In No More Plastic Balls, it chokes Franklin’s soul:
“Tsitsi complained to Frankie’s father that the boy’s fence-climbing was now just unbearable, and the man beat him. The boy spent the next day gloomily leaning over the locked gate but never dared climb up. The maid had to drag him from there for the routine bath, sums and spellings before T.V. cartoons, supper and bed.” (pg 171).
Tragically, the narrow-minded adults persist in their ignorance and lead the little boy to sacrifice himself.
Franklin would rather die than go back inside the fence.
It is little wonder that he does so because, not many people, especially the innocent ones, can bear the repeated experience of imprisonment.
In many ways the adults are guilty of causing Franklin’s death.
While that death could almost pass as willful suicide, it is tragic because the victim did not deserve his fate, and could have lived happily, had he an option.
But as things stand, the little boy has been crowded out by insensitive adults who consciously connived to petrify his childhood.
The parents failed to grasp a few realities, which, if they had done, would have probably saved their son’s life.
Buying their son toys is not a bad thing, but it is not enough.
Franklin wanted to play, and he wanted companions and friends.
It was improper to protect him from other children.
A puppy, television (cartoons), and a maid may help occupy a growing boy’s day, but never all of it.
The boy needs to run around and splash and fight and get dirty with those of his own age.
The fence and the padlock are the aggregate of all the adults’ efforts to condition Frankie into a clone of a child.
Frankie is a sensitive child, and he feels and absorbs all that happens around him.
His family, in its insulated, capitalist snobbery, devotes more time to its materialist fancies, and less to him.
What the story shows is therefore a dangerous, infanticidal way to bring up a child.

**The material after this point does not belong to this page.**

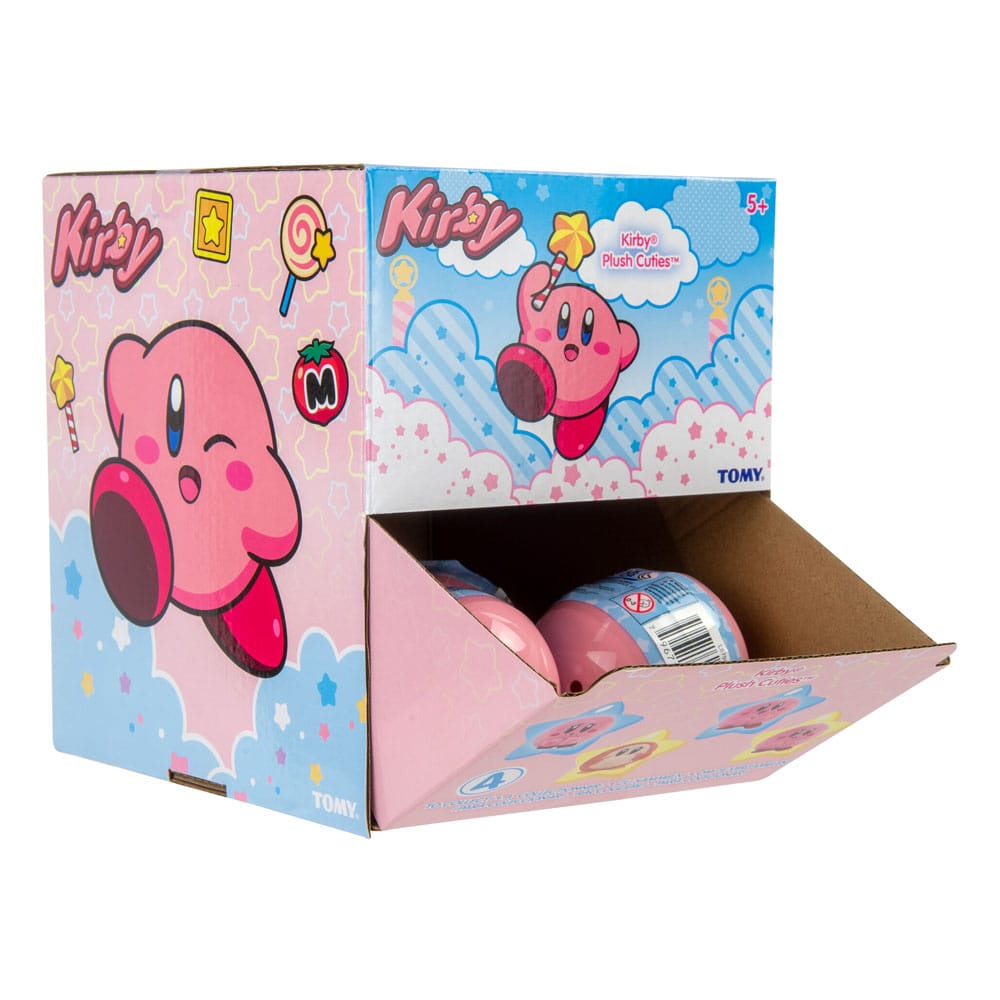 Kirby présentoir mini peluche 7 cm Cuties Mystery Capsule (12)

Frankie, like most children, indeed like most people, needs to discover the world for himself.
This is why he rejects the plastic balls.
He screams at the narrator:
“I don’t care anymore for those balls. We can make our own, my friends and me!
“He might as well have openly shouted, “Traitor” in my face. His confidence was so astonishing that I failed to tell him that I hadn’t meant what I said; that it was all for Tsitsi’s sake – after all I was just a harmless well-meaning neighbour, who liked him. It was too late. Frankie had tasted the forbidden fruit, street-fun, and no-one was going to take it from him. He had learnt the tactics so amazingly fast that Tsitsi realised threats alone were not going to force the boy back into the yard. She chased after him. He fled down the street.” (pg74).
This is an affirmation that one has come of age, that he deserves the freedom to see and discover things and also that his feelings must be taken seriously.
The story of Franklin shows that it is not enough to provide materials to the child; it is more important to provide spiritual nourishing in order to prevent psychological dislocation.
The beautiful house for the Franks and all its material abandon cannot provide Franklin with a sense of home nor belonging.
Franklin’s parents are an alienated pair, two snobs whose souls have been stolen by an overstressed capitalistic individualism.
They are blind, however, to the full implications of their preferred isolation.
The isolation brings unhappiness and sterility into their home, and, eventually, grief.
One may conclude that Chirere’s stories about children portray how children are deprived of their childhood by society resulting in dislocated and fragmented personalities.
The decay of moral values has made it impossible for society to rehabilitate the marginalised children.
The society itself has been dismembered and disfigured by a deluge of slavery, colonialism, colonial capitalism and neo-colonial forces of killer machines.
Children are now growing in the midst of violence and this is affecting their adult personalities.
This is putting their future in jeopardy.
The discord in the modern Zimbabwean society has brought many problems for the children.
Society has failed the innocent souls who have now become monsters and victims of each other.
They can never be riper for Africa to start its own healing.